[Your assignment] Leave out all pictures while repeating the records exactly and completely.
=====
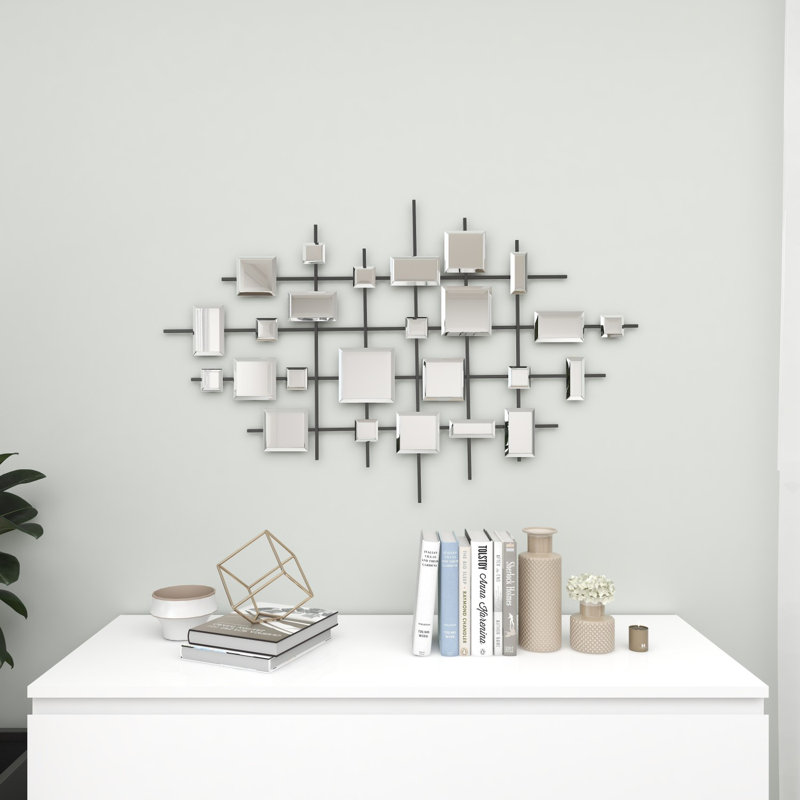 Corisande Metal Geometric Black Wall Decor with Square Mirrored Accents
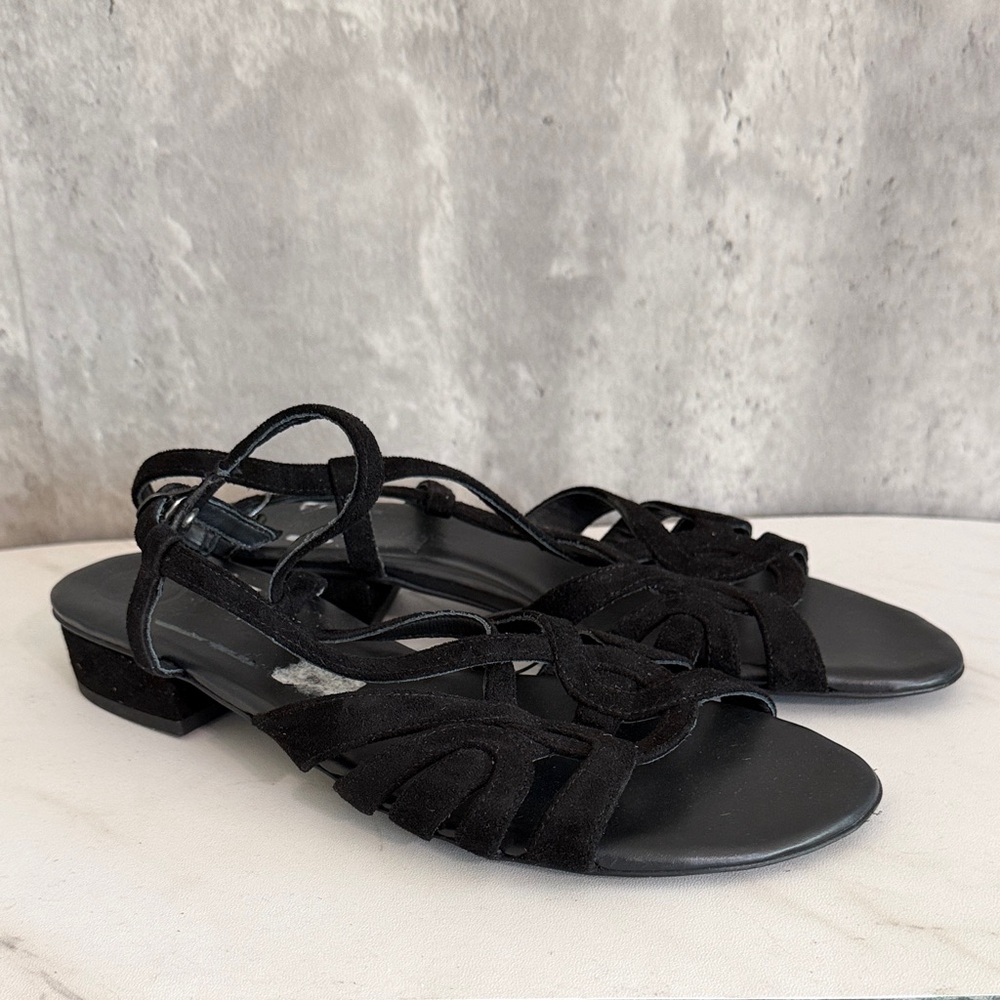 Paul green rumi suede Women’s Black Strappy Low-Heel Sandals sz 10.5 us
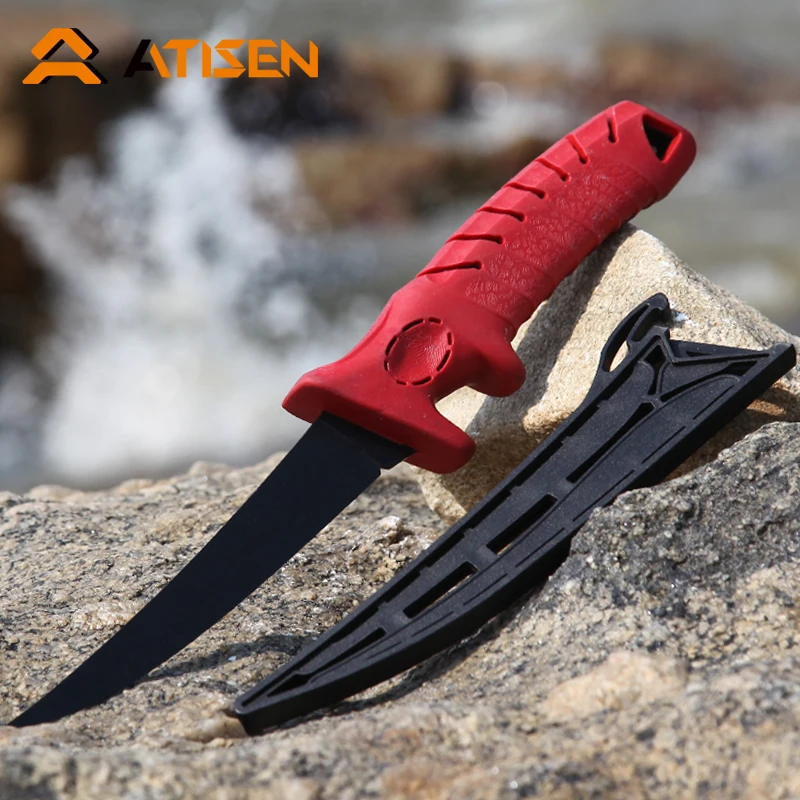 High Quantity 7 inch Stainless Steel Fishing Fish Knife Non-stick Coating Blade Fillet Knife Boning Knife Customized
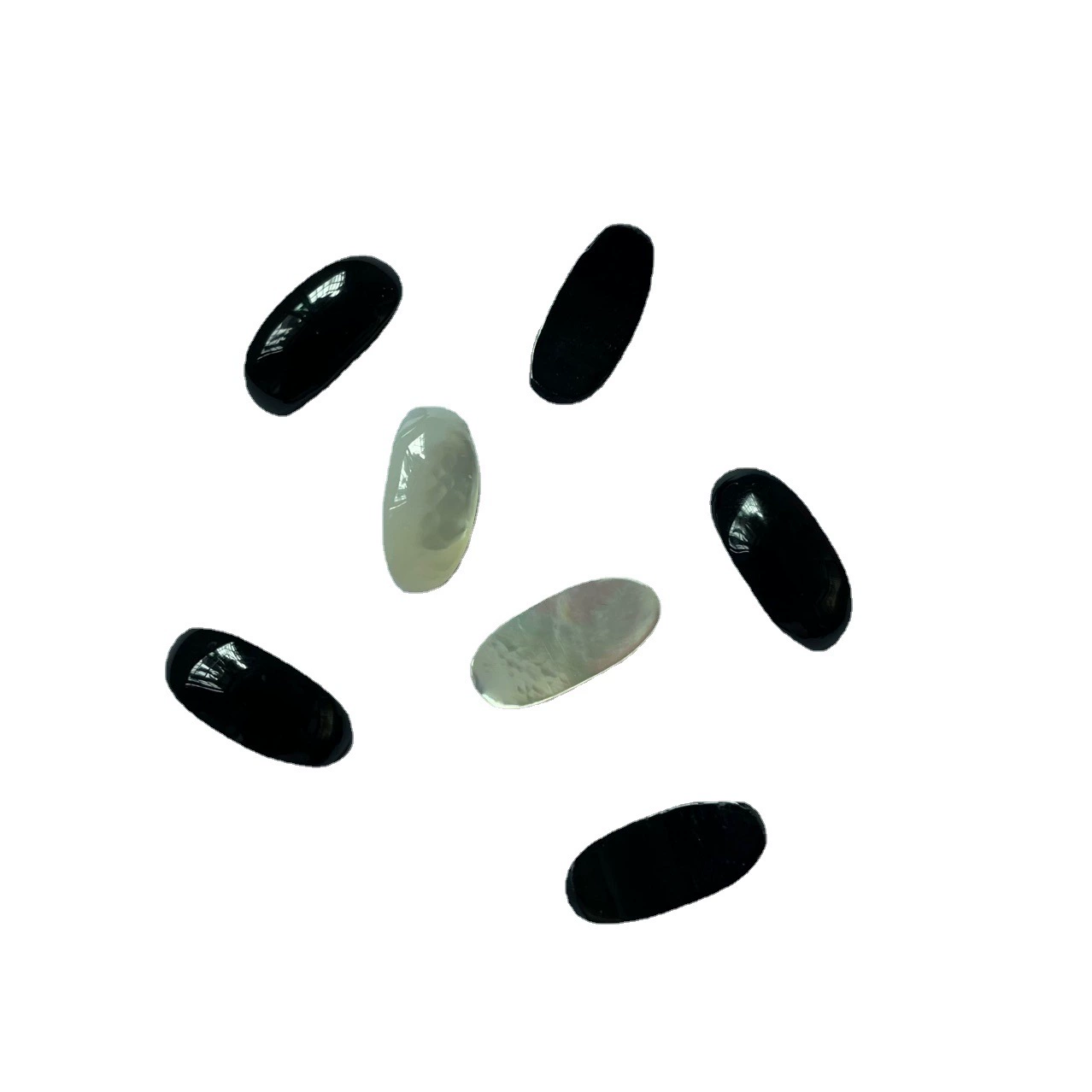 Spot wholesale black agate arch bridge white shell ring surface bridge shape semi-finished bare stone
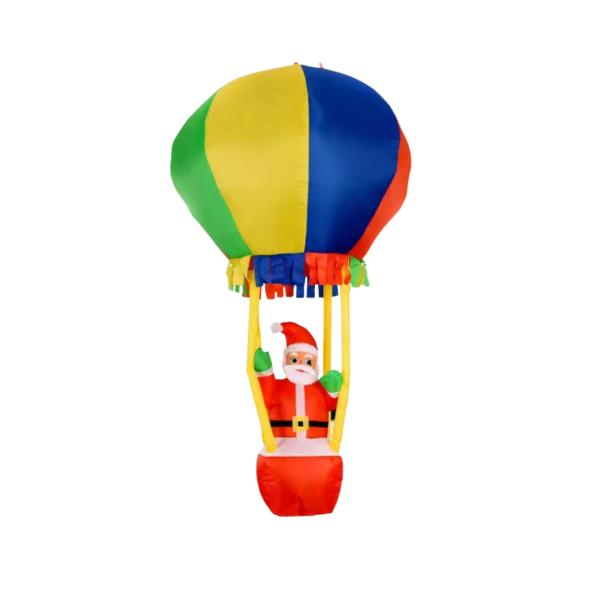Inflable navideño de Santa Claus saludando desde la canasta de un globo aerostático multicolor, decoración festiva para patio, jardín o fachada en temporada de Navidad, ideal para exteriores, foto 2 de 6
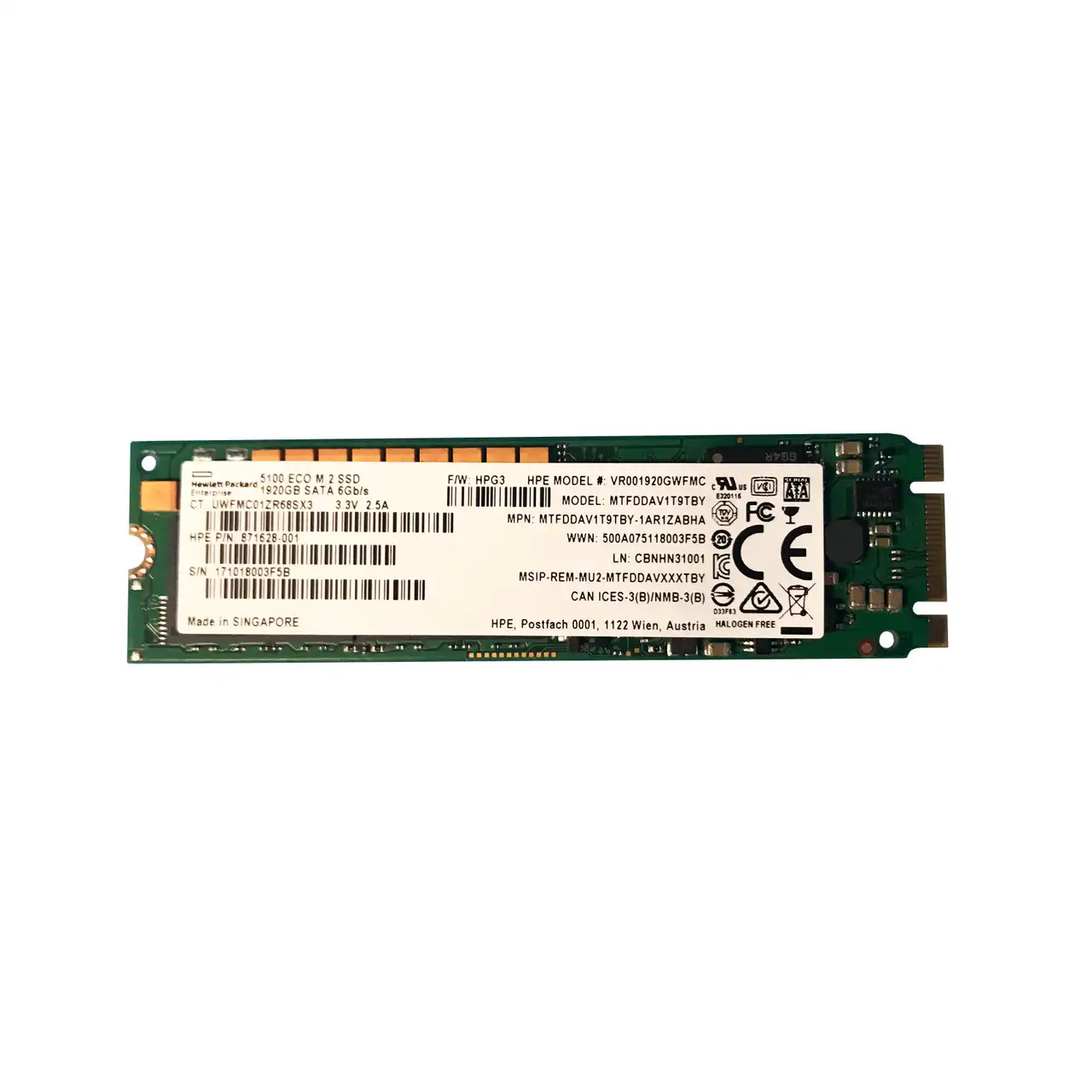 MTFDDAV1T9TBY - HPE 5100 Eco 1.92TB SATA 6Gb/s M.2 2280 SSD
=====
[Result for this task]
 Corisande Metal Geometric Black Wall Decor with Square Mirrored Accents
 Paul green rumi suede Women’s Black Strappy Low-Heel Sandals sz 10.5 us
 High Quantity 7 inch Stainless Steel Fishing Fish Knife Non-stick Coating Blade Fillet Knife Boning Knife Customized
 Spot wholesale black agate arch bridge white shell ring surface bridge shape semi-finished bare stone
Inflable navideño de Santa Claus saludando desde la canasta de un globo aerostático multicolor, decoración festiva para patio, jardín o fachada en temporada de Navidad, ideal para exteriores, foto 2 de 6
 MTFDDAV1T9TBY - HPE 5100 Eco 1.92TB SATA 6Gb/s M.2 2280 SSD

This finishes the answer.